After a disappointing African Cup of Nations, where they could only finish in third place despite hosting the tournament, Cameroon jet off to Qatar hoping this can be the start of a new era.
The Indomitable Lions are now under the guidance of Rigobert Song, who took charge in February and has instilled a renewed sense of optimism after winning three of his five competitive games in charge.
He will now attempt to do something Cameroon have failed to do in over 30 years; reach the World Cup knock-out stages, with the last three decades seeing them fail to take advantage of having world-renowned stars such as Samuel Eto’o, Lauren and Geremi.
Head over to our World Cup 2022 predictions page for the rest of our tips, team guides and analysis ahead of this winter’s World Cup.
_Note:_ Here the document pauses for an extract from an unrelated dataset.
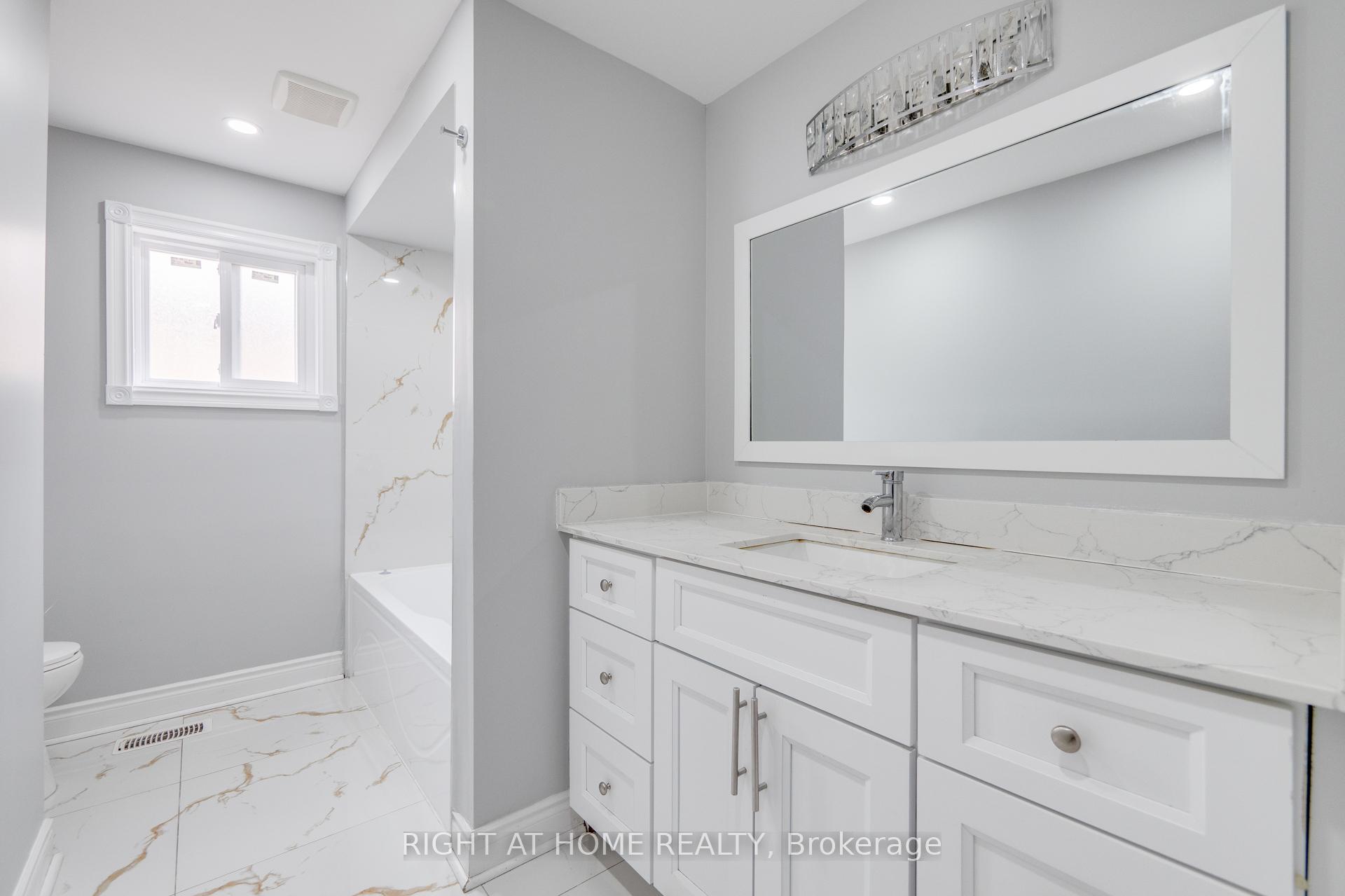 Photo 26 of 34 Meadowlark Drive, Brampton, Fletcher's Creek South — HOMEH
Cameroon: The story so far
After missing the tournament in Russia four years ago, Cameroon looked destined for more World Cup misery during qualifying.
They had a promising group stage initially, finishing in top spot, comfortably above Cape Verde, Liberia and the Central African Republic thanks to four wins and a draw from five games.
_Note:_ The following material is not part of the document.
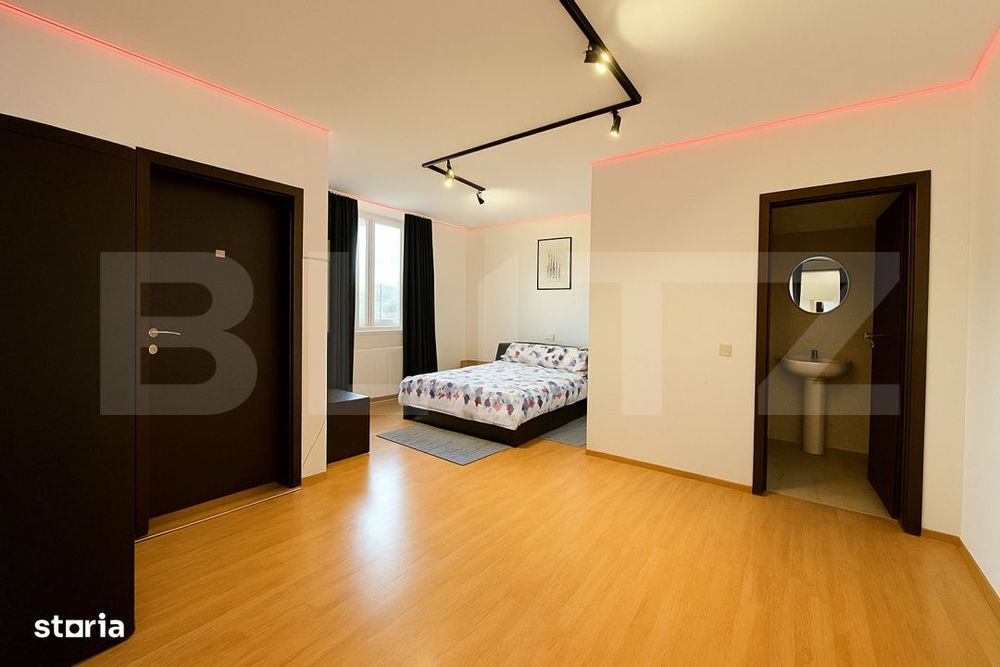 Apartament spatios de inchiriat – 3 camere, 2 bai, balcon – etaj 1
That took them through to the second qualifying round, where things got even better, winning five times in six outings and knocking out the Ivory Coast in the process to set up a two-legged play-off against Algeria.
Things didn’t start well, with Rigobert Song’s first game in charge ending in a 1-0 defeat at home.
However, with the odds stacked against them, Karl Toko Ekambi popped up to score in the final minute of extra-time in the second leg to earn a 2-1 victory and ensure Cameroon progressed on away goals.
Cameroon Group Stage draw & betting odds
It’s fair to say Cameroon have drawn the short straw, as their group contains one of the tournament favourites, Brazil, as well as European pair Switzerland and Serbia.
Indeed, the Indomitable Lions are the lowest-ranked side in Group G, and they carry the weight of history on their shoulders, as they have not won a game at a World Cup since Japan and Korea in 2002!
As with every country, the opening game is crucial, and they kick off their tournament against the Swiss on November 24th, facing Serbia four days later.
It might well help them that they don’t come up against Brazil until last of all as it gives Song’s side the chance to grow into the tournament, but even so, elimination before the round of 16 at 2/11 seems highly likely.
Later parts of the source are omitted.